Scientists are getting closer to understanding the tsunami that struck Palu in Indonesia in September.
Damaging waves rushed ashore after a Magnitude 7.8 quake, but researchers said at the time that they were surprised by their size.
Now, a survey in the bay in front of the Sulawesi city shows significant subsidence of the seabed.
This likely contributed to the abrupt displacement of water that then crashed on to land.
More than 2,000 people lost their lives in the disaster. Preliminary results of various investigations are being reported here at the Fall Meeting of the American Geophysical Union – the largest annual gathering of Earth and space scientists.
The quake occurred on what is called a strike-slip fault, where the ground on one side of a rupture moves horizontally past the ground on the other side. It is not a configuration normally associated with very large tsunamis.
Nevertheless, this is what happened in the early evening of 28 September, around prayer time.
Two main surges of water were observed, the second being the biggest and pushing up to 400m inland.
Udrekh Al Hanif, from the Indonesian Agency for Assessment and Application of Technology (BPPT) in Jakarta, told the meeting that the generation source of the tsunami had to be very close to the city because of the short interval between the onset of the quake and the arrival of the high water – less than three minutes.
He and colleagues have sought answers in a depth (bathymetric) map of the long, narrow inlet that leads to Palu at its head. The team is still working through the results, but the data indicates the seafloor in much of the bay dropped down in the quake.
This, combined with a sharp movement of the crust northwards, could certainly have produced a tsunami, the Indonesian scientist said.

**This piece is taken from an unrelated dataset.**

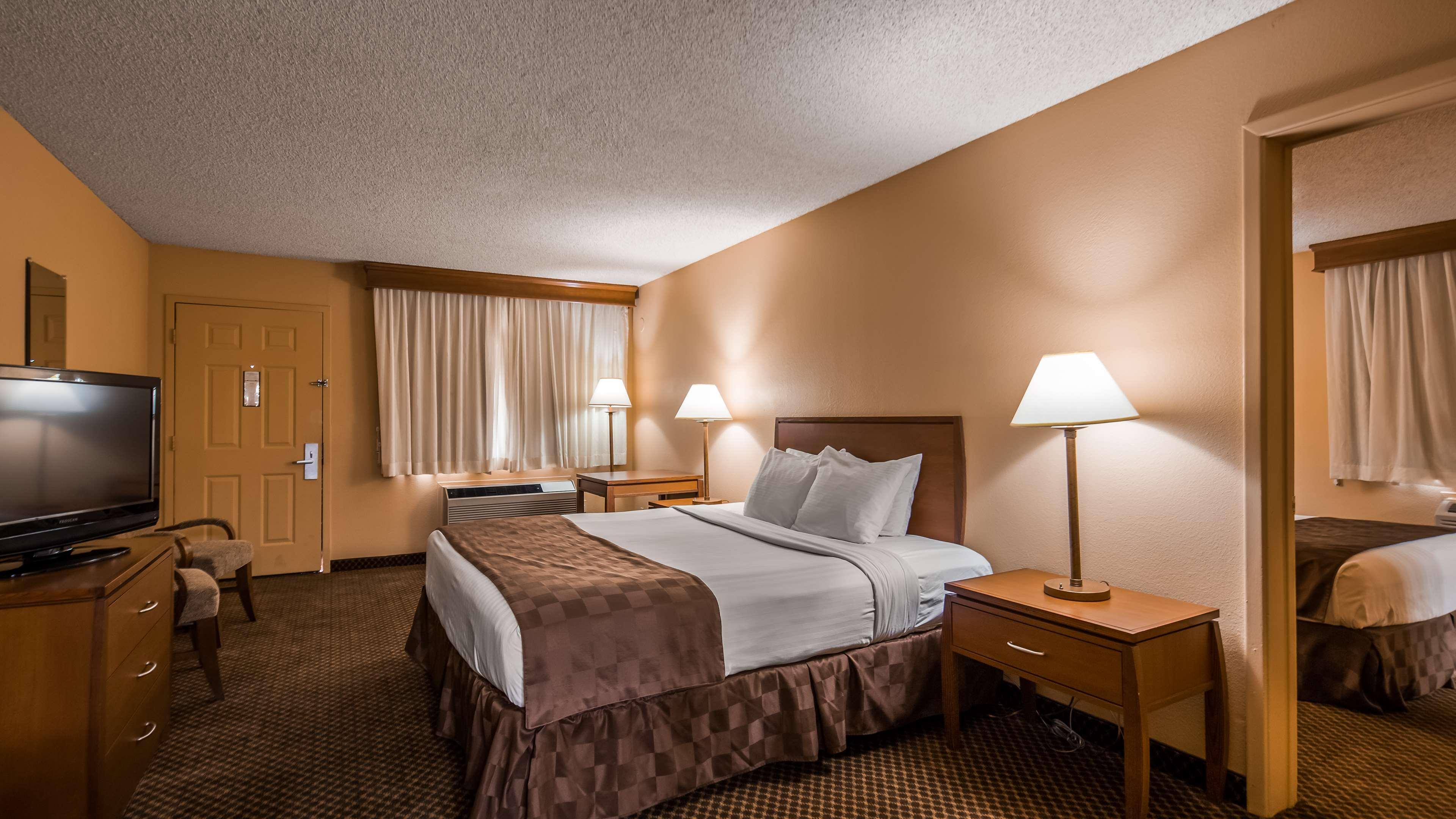 Best Western Cottonwood Inn Eksteriør bilde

“When we overlap the bathymetric data from before and after, we can see that almost all of the area of the seafloor inside the bay subsides. And from this data, we can also observe [the movement] to the north. So, actually, we have a vertical and a horizontal displacement,” Udrekh Al Hanif told BBC News.
Whether this behaviour was enough on its own to explain the tsunami’s size is still open to question.
There is evidence of several underwater landslides in the data. These, too, could have been a factor.
Another possibility is an upwards thrust of the seabed in a zone some distance from Palu where the strike-slip fault splits into diverging tracks.
Movement on both tracks at the same time might have compressed the crust in between.
“This was a very unusual event but the tectonics tell us it could happen again,” said Finn Løvholt from the Norwegian Geotechnical Institute.
“Indeed, this is not the first time an event has happened in Palu. It’s probably the third or fourth event that has caused many fatalities. We had events in the 1960s and 1920s.”
And this history is evidenced in the local culture where there are specific words to describe features of a tsunami and a quake. In the September event, Palu witnessed a lot of liquefaction, where the structure of soils in the city was seen to collapse, to become fluidised and flow even on very low gradients.
Houses were consumed in the mud. Local people call this “Nalodo”, which means something like “buried in black”.
Hermann Fritz, from the Georgia Institute of Technology in the US, said Palu demonstrated the challenge confronting the local population. “This tsunami arrived very fast, within minutes,” he stressed.
“That basically leaves no time for warnings. That’s very different from Japan (in 2011) where there was an eternity of time – more than 30 minutes everywhere until the first person was killed by the tsunami. That’s the challenge for these local tsunamis: people have to self-evacuate.”
Widjo Kongko, also from the BPPT, spoke of some complacency following an emergency drill conducted in Palu in 2012. “It said go to high ground within 5-10 minutes. The people need to learn that the tsunami can come much, much quicker.”